Pourtant, c’est toujours la même chanson qu’on entend du côté patronal : « Les travailleurs ont des bons salaires, parmi les meilleurs de la région! » C’est exactement le même argument qui a été employé par les patrons de l’Association des employeurs maritimes pour s’attaquer aux débardeurs du Port de Montréal. Mais ces salaires n’ont pas été accordés grâce à la générosité des employeurs, ils sont le fruit de luttes acharnées des travailleurs et travailleuses, dans des industries qui génèrent des profits massifs. Dans tous les cas, l’avarice est clairement du côté des patrons. Ces derniers ne veulent laisser aux travailleurs que des miettes de l’énorme gâteau qui a été entièrement produit par les travailleurs eux-mêmes!
La solidarité avec les grévistes s’organise déjà. D’autres travailleurs d’ArcelorMittal en Montérégie et à Montréal ont envoyé 14 000 dollars pour alimenter le fonds de grève. Des travailleurs de Rio Tinto IOC ont aussi apporté leur soutien, tout comme d’autres travailleurs à l’international (France et Brésil notamment). À Fermont, des marches de solidarité ont été organisées, et une manifestation aura lieu à Longueuil ce vendredi pour appuyer les grévistes. Il est important que le mouvement syndical appuie la lutte des travailleurs de la Côte-Nord, car c’est loin d’être une lutte isolée.

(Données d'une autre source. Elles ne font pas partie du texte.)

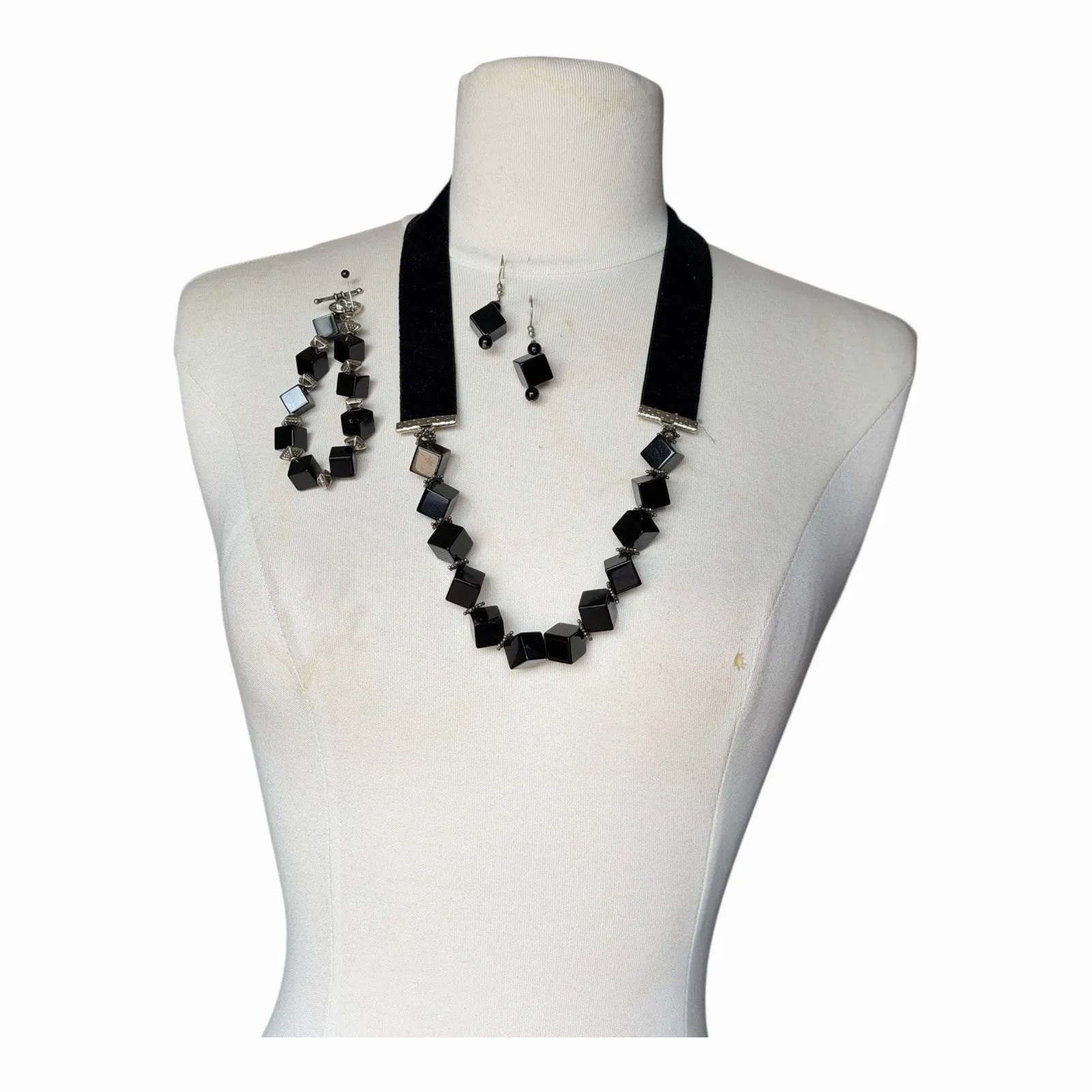 Handmade Velvet Ribbon Choker Square Lucite Beads Bracelet & Earrings Extra Bead Black - Image 2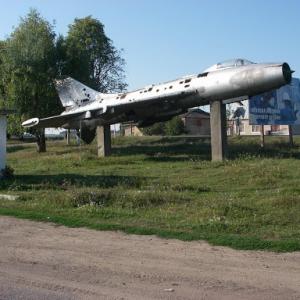 Фото Су-7Б (пам'ятник, Винищувач-бомбардувальник)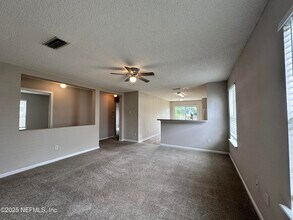 2113 Fresco Dr in Middleburg, FL - Building Photo - Building Photo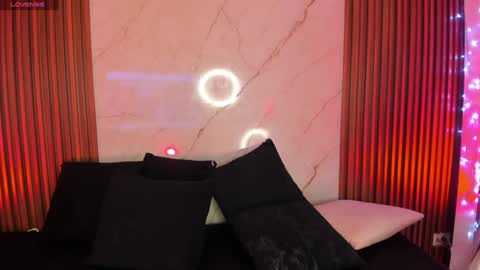   online show from December 26, 10:20 pm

Partout à travers le Canada, les patrons passent à l’offensive, comme en témoigne l’augmentation du nombre de lockouts. Des entreprises comme ArcelorMittal font des profits records grâce à la pandémie, et elles profitent de l’incertitude sur le marché de l’emploi pour s’attaquer aux bons emplois syndiqués. C’est intolérable! Face à cette tendance générale, le mouvement ouvrier doit être prêt à soutenir toute tentative des travailleurs pour améliorer leurs conditions de travail, que ce soit en alimentant leur fonds de grève, en participant à des manifestations politiques, ou encore en organisant des grèves en solidarité.
Victoire aux travailleurs d’ArcelorMittal en grève!